Sadly, these were the only words one lady heard from her teenage son. Desperate for some help with her ‘problem child’ she came to a session I was running on the truth about trust in parenting.
The relationship with her son, she shared, had gradually declined, and now he spent no time with her and her husband, but was constantly shutting himself in his bedroom, and occasionally yelled out those words that no mother wants to hear, no parent, actually: ‘I hate you’.
As I unpacked the model for trust during the session, I could see she had a few ‘a-ha’ moments, but it was in the exercises that it all came to light.
As we explored what she thought her son’s Expectations are of her and her husband, she began to write them down, ‘Be home for dinner’, ‘Spend time helping him with his homework’, ‘Be around at home’, ‘Take an interest in him, his day, his friends’, were just a few of them.
Then we looked at what his underlying Needs might be, and the key ones were ‘Love and Belonging’, and ‘Esteem’.

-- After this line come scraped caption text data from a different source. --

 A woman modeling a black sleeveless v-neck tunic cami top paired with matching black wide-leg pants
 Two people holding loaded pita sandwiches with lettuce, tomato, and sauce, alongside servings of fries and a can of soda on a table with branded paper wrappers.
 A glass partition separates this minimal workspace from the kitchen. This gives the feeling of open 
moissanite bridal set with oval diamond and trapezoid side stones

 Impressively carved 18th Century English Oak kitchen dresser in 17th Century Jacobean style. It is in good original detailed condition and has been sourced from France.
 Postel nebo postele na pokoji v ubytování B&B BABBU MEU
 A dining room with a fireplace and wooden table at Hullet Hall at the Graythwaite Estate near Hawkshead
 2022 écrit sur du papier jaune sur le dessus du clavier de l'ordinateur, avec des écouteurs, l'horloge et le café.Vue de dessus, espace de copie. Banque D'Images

Then crunch time came when I asked her to write down all the things she had promised him – the explicit promises (the ones she actually verbally expressed, or had even written down), and the implicit ones (the ones she didn’t actually say or write down, but were implied in her body language, her behaviour). Things like ‘I’ll be home for dinner’, ‘Of course I’ll help you with your homework’, and ‘I love you’, as she wrote them, became obvious to her that she was not keeping those promises.

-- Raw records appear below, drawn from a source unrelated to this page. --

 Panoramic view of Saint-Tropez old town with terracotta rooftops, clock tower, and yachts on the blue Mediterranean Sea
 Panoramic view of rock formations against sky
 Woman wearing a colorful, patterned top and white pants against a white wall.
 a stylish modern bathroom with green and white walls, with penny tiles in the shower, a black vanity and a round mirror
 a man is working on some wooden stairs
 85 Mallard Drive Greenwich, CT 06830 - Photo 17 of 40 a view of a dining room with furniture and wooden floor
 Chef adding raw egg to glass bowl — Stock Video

As I explained the model (and you can see it for yourself if you download my free e-book - The Simple Truth about Trust), we are able to trust when we meet each others expectations and needs, and when promises made are kept. When those things don’t happen, trust breaks down, and is painful – we feel betrayed, disappointed, sometimes even angry. But when they are met and kept, a solid, trusting relationship exists, and so does peace.
What she realised was that her job had gotten so busy, and so had her husband’s, that she would promise to be home for dinner, and then get caught up at work, only to find, when she did eventually get home, that her son had gotten himself something and had shut himself in his room.

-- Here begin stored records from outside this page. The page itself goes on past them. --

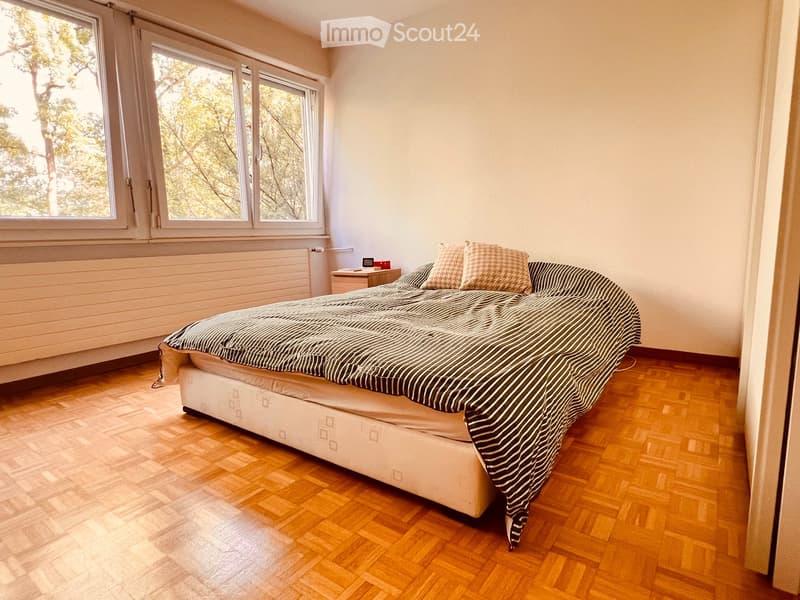 Bright bedroom with wooden flooring, large windows, a neatly made bed with striped bedding, a nightstand, and a radiator below the windows.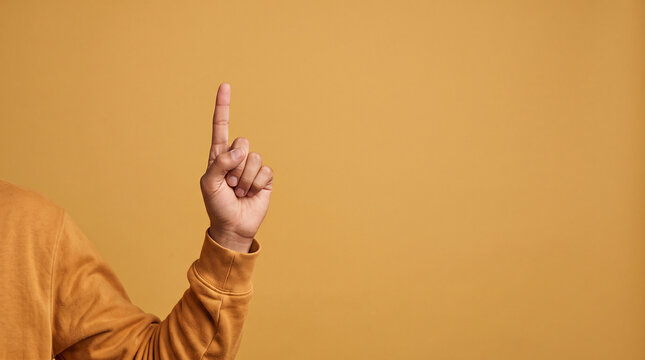 Person pointing finger up. Hand gesture indicating important information or attention.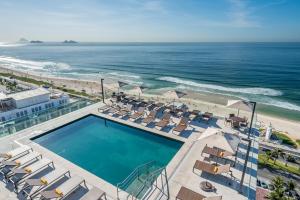 里约热内卢Windsor Marapendi Hotel的享有游泳池和海滩的上方景色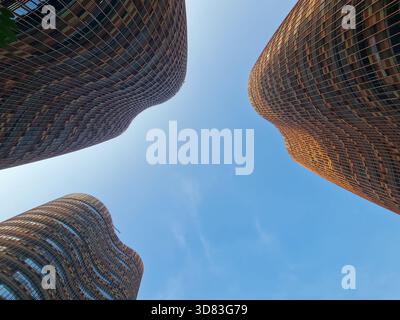Blick nach oben auf vier organische geschwungene Hochhäuser, die einen geometrischen Rahmen vor dem blauen Himmel bilden und moderne Architektur und urbanes Design zeigen. Stockfoto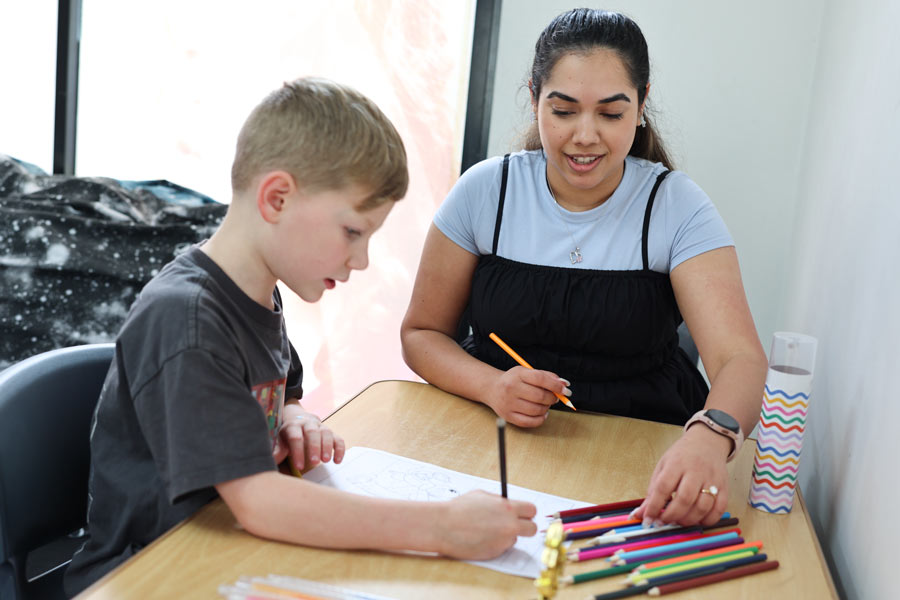 Adult and child colouring in together.jpg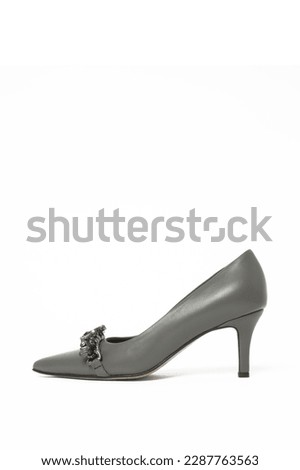 Grey leather pumps with rhinestones isolated on white. Classic middle heels with sharply pointed toes.
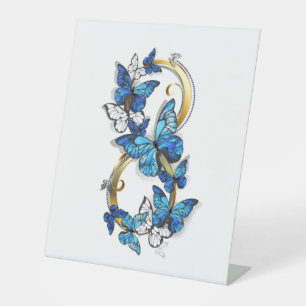 Symbool oneindigheid van Blauwe Morpho Vlinders Reclamebord Met Voetstuk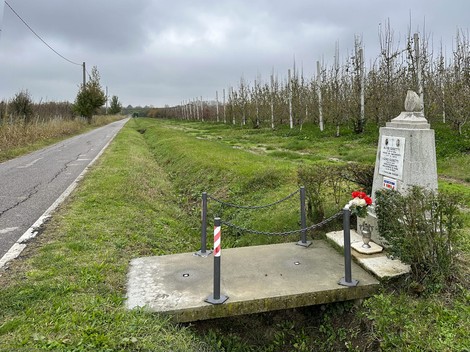 Cippo commemorativo ai Guidetti, immerso in un paesaggio rurale, con fiori e un sentiero a fianco.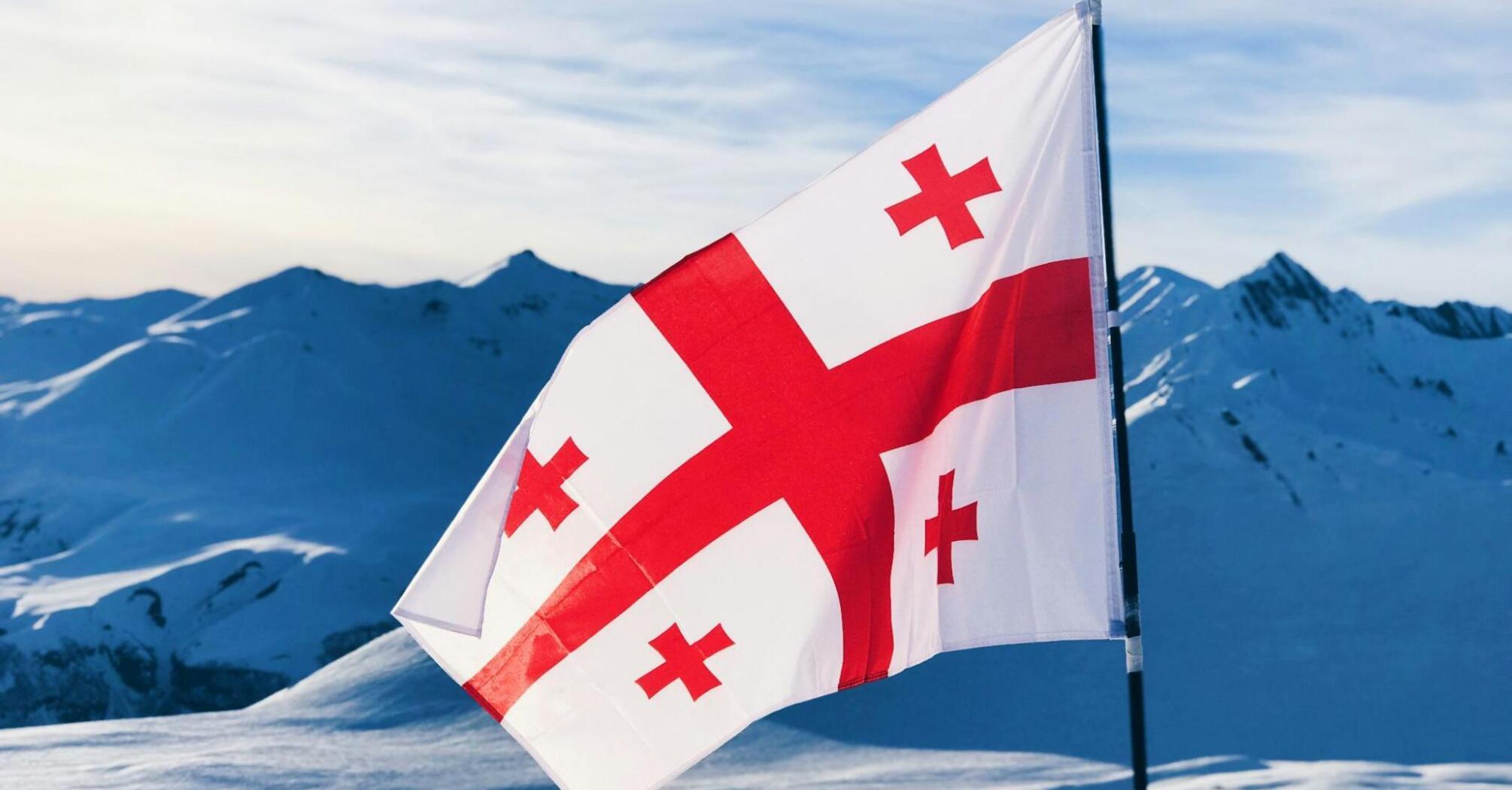 Georgian flag in the mountains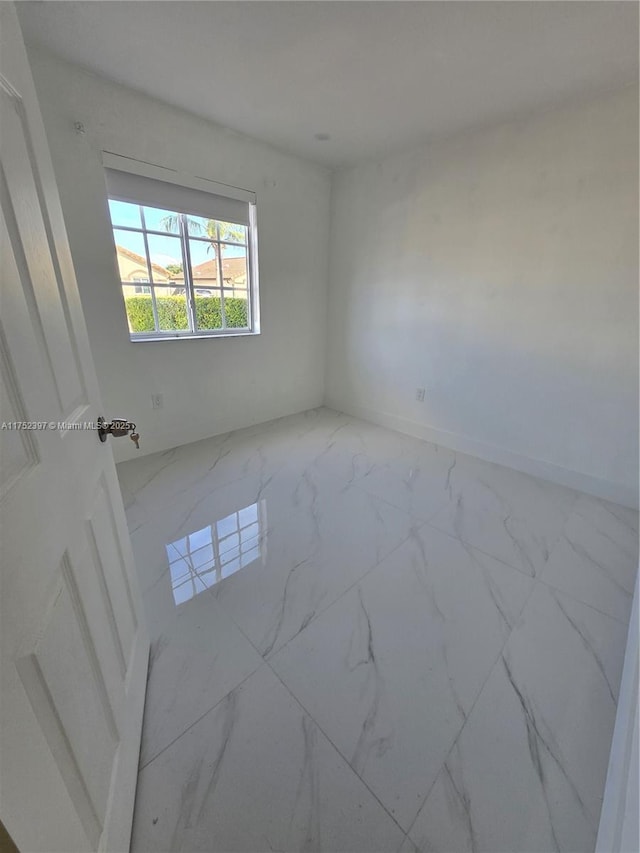 empty room featuring marble finish floor and baseboards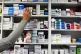 A pharmacist stocking shelves at a chemist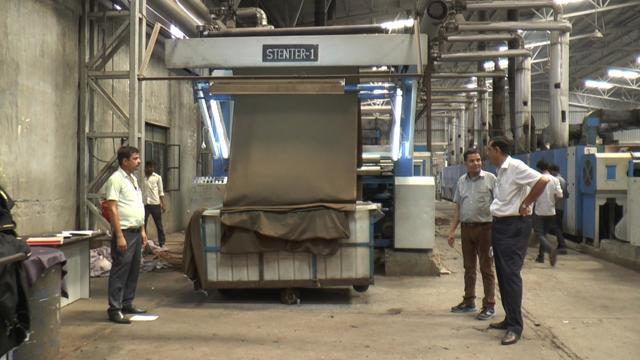 Titan Process House has received white cloth from weaving units in the textile town of Bhilwara with orders to dye it a dark khaki. (HT Photo)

He was in his final years at school and was struggling with some of his subjects. She used to sit down with him and help him with his homework when he was younger, but she just assumed he didn’t need that anymore. She had made some attempts to get home in time to help him, but it was often late in the evening and he had given up and chose to watch TV instead.
What came to light for her was that her ‘problem child’ was not that at all. If anything, she was a ‘problem mother’.
I encouraged her to sit down with her son, if he would let her, and show him the model, talk to him about what was really going on, and make some new promises to him that she was going to definitely keep. I warned her that he probably wouldn’t believe her promises, as he would have negative expectations now, and, because of his experience, would be thinking ‘Sure Mum, I’ve heard that before’. It was going to take time to repair the damaged trust, but, as long as he was willing (it take two!), it could be done.
A few months later I spoke to her and asked how things were going. Amazingly, she had given up her very senior position in one organisation and went to work somewhere where her time was more flexible. They were having dinner together as a family now, because she was promising to be home, and was actually doing it. When it wasn’t possible for her to get home in time, which happened occasionally, she would let him know, and would promise to do something special with him the following day to make up for it.
A few weeks later I nearly cried when she told me they were going on a mother son camp.
I love stories like this, but I truly wish there were hundreds and thousands more like it – even millions.
Will you nurture the trust your children have placed in you?